После этого Петр Сагайдачный стал относиться ко мне еще подозрительней. Он плохо разбирается в людях, поэтому иногда совершенно безобидные слова принимает за намек на его несоответствие занимаемой должности и сразу зачисляет произнесшего крамолу во враги. Судя по тому, как на следующий день он избегал встретиться со мной взглядом, я удостоился большой чести. Что ж, мне не привыкать. Тем более, что награбленных денег уже хватит на начало жизни в более спокойном месте. Хотелось бы, правда, еще и на хороший корабль наскрести, чтобы не оказаться в кабале у ростовщиков.

На этот раз пошли в Сечь на всех галерах, включая баштарду. У кошевого атамана появилась идея осилить еще один поход, на этот раз на южное побережье Черного моря, к Трапезунду, который турки переименовали в Трабзон. Там нас не ждут, так что есть шанс, что примут галеры за турецкий военный флот и подпустят на опасное для себя расстояние. Из-за баштарды, которая из-за плохой поворотливости и неумелых рулевых несколько раз выскакивала на берег, шли дольше обычного. Неделя ушла на подсчет и раздел добычи.

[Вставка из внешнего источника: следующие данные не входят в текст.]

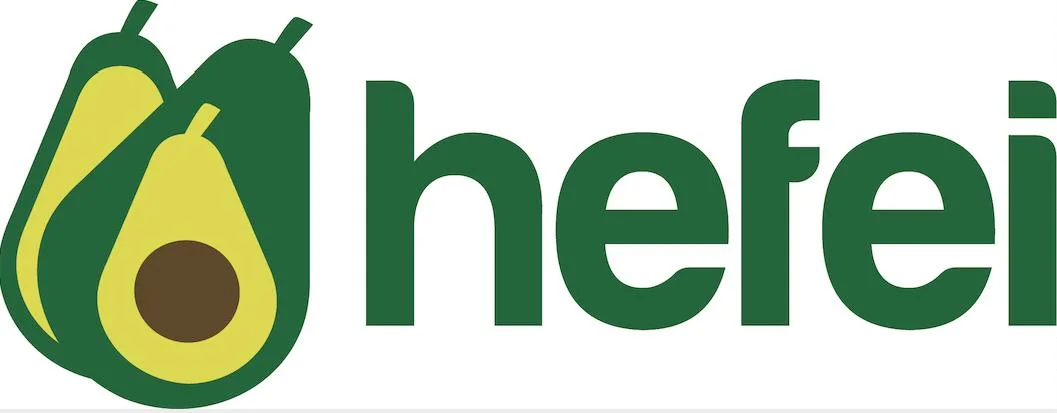 HEFEI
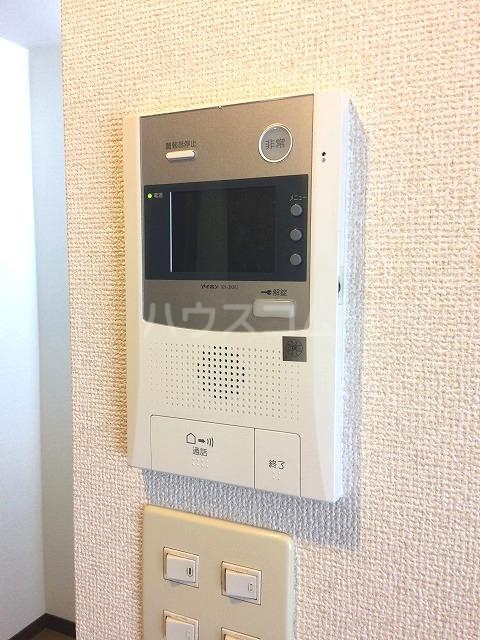 13/18 その他画像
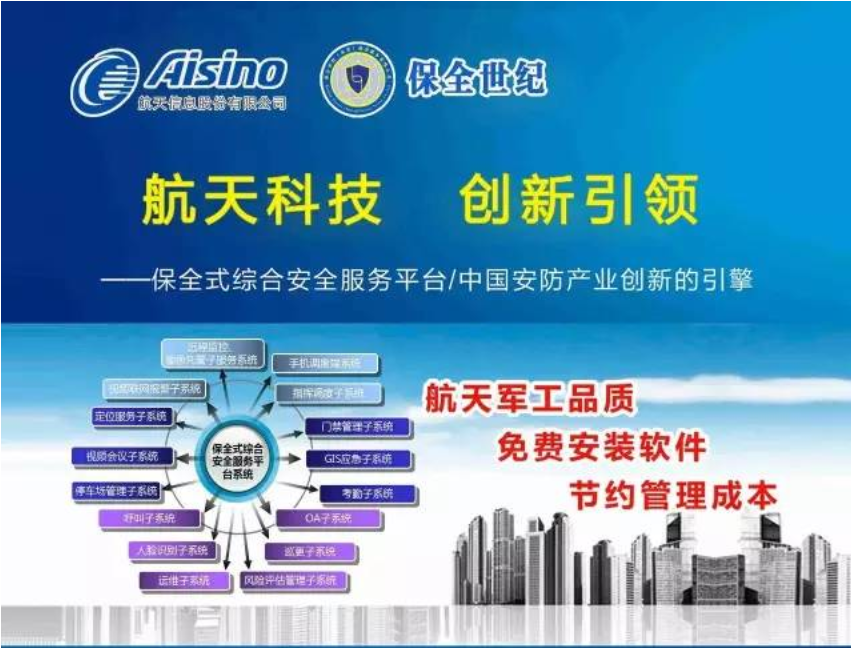 629ef62e4e3f4.png 圖片.png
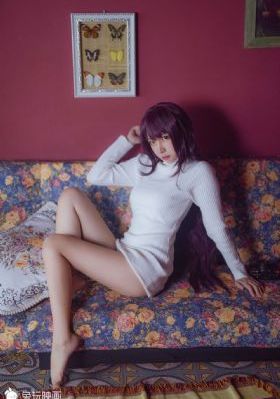 完美绝配【影视解说】-普通话在线观看免费版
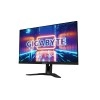 GIGABYTE M28U, 28 Inch (71.12 Cm) 144Hz 4K 3840 X 2160 Pixels, LCD Gaming Monitor Black GIGABYTE M28U, 28 Inch (71.12 Cm) 144Hz 4K 3840 X 2160 Pixels, LCD Gaming Monitor Black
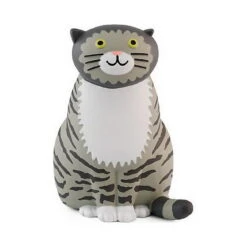 Tonies - Mog Der Vergessliche Kater - Hörbuch 5 Tonies - Mog Der Vergessliche Kater - Hörbuch -Tonie World Angebote Store tonies mog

Я отвез свою часть добычи на лодке домой. Там узнал, что Оксана родила второго сына. Решили назвать его Виктором. Это имя здесь пока не в ходу, но я надолго оставаться в этих краях не собираюсь.

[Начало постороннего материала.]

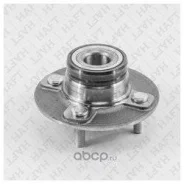 ������� ������ Hyundai Accent 00 ��� ABS/ 1.3/1.5L/ � ����� �� �������� [178Haftrh0311] RH0311 ����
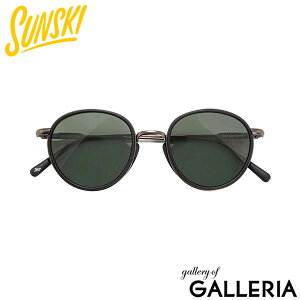 yő52{ 11/25z TXL[ TOX Y fB[X Ό UVJbg SUNSKI ACEFA ዾ Kl uh  y O UV ΌY ^] X|[c j  AEgh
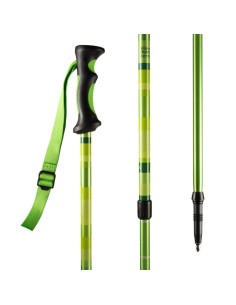 Lupiau Elementerre 2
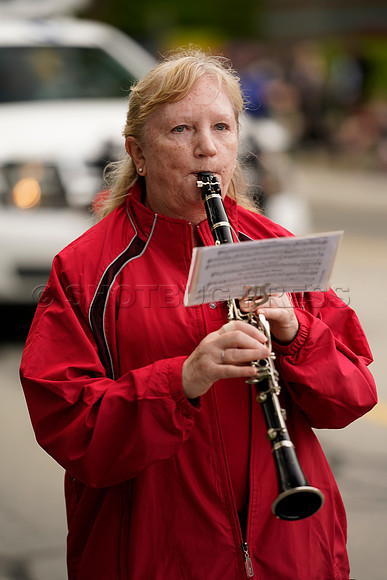 Pitt Meadows Day, Pitt Meadows, Canada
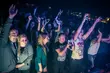 Kultura na weekend. Duży wybór koncertów i jarmark pod Ratuszem [WIDEO]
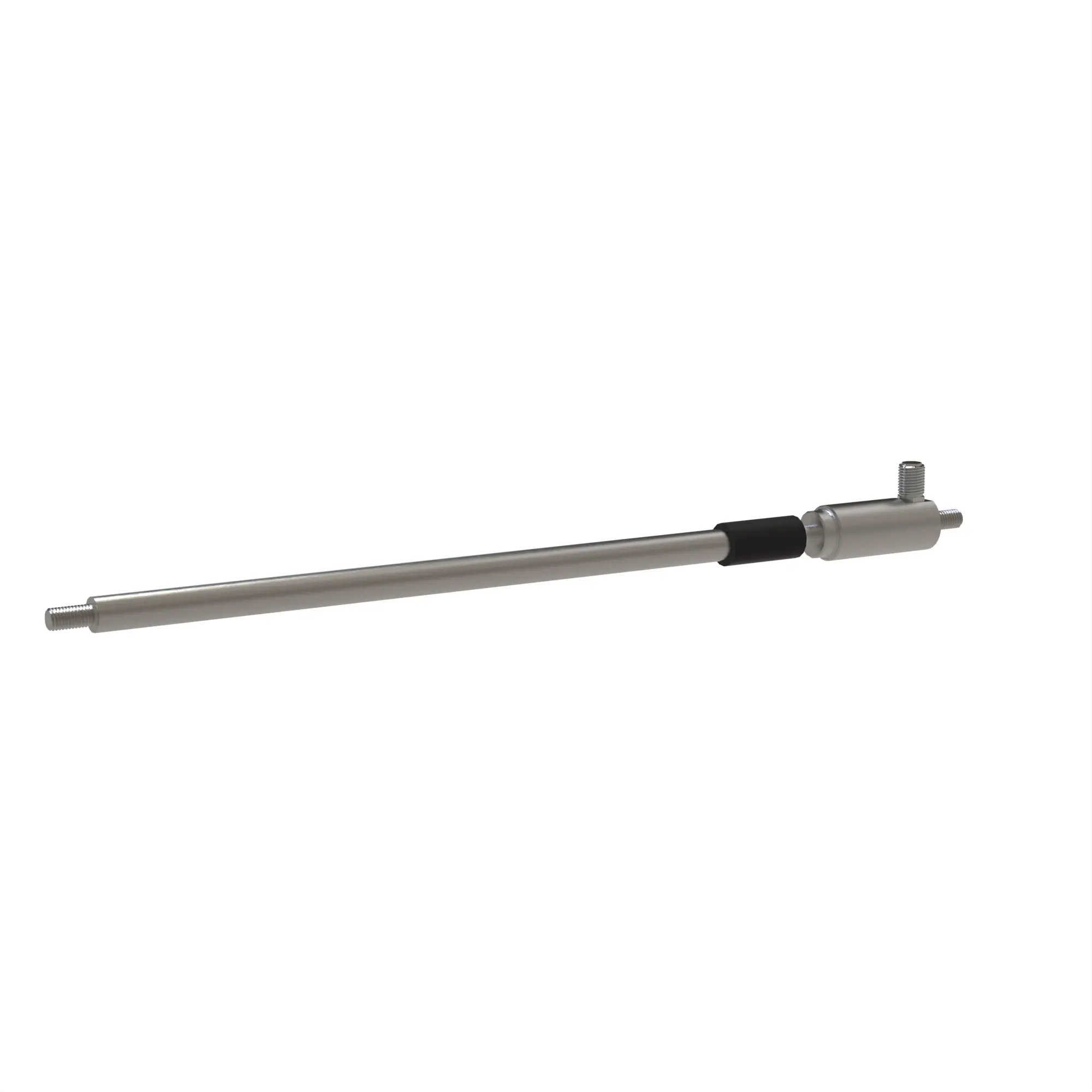 SENSOR, LINEAR POSITION SENSOR, 300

К моему возвращению в паланке осталось тысячи три казаков. Остальные решили, что судьбу лишний раз напрягать не стоит, хватит и той добычи, что взяли в Каффе. Такой богатой не помнят даже самые старые казаки. Поэтому многие разъехались по городам и селам, чтобы в праздности и веселье провести наступающую осень и зиму, а по весне вернуться на остров Базавлук. В поход отправились только самые жадные и те, кто не участвовал в предыдущем. Пошли на турецких галерах, тартане и всего десятке чаек. В Днепро-Бугском лимане турок не было. Когда уже взяли курс на мыс Тарханкут, с мачты тартаны заметили вдалеке на западе турецкие галеры. Возвращаться не стали. Если их больше, не справимся, а если меньше, убегут в Днестровский лиман, под защиту пушек Аккерманна.

Глава 29

Я бывал в Трабзоне в двадцать первом веке. Это был один из любимых портов ростовских «жабодавов». Выйдя из Керченского пролива, поворачивали налево и вдоль восточного берега Черного моря, удаляясь от него не более, чем на двадцать миль, как разрешено судам «река-море» морским регистром, чапали до Трабзона. Ни тебе Босфора, ни тебе Дарданелов, где надо демонстрировать свое незнание английского языка, но заходишь в турецкий порт, где можно загнать сэкономленное топливо. Судовладельцы обещали стукачам половину суммы от проданной налево солярки, что не страшило и не помогало. Потенциальные стукачи знали, что деньги вряд ли получат, судовладельцы даже легальную зарплату зажимали по страшной силе, а потом на другом судне житья не будет. Стукач — неблагодарная профессия в России. Это вам не Китай, где в каждом воинском подразделении есть официальная должность «стукач», причем все знают, кто это.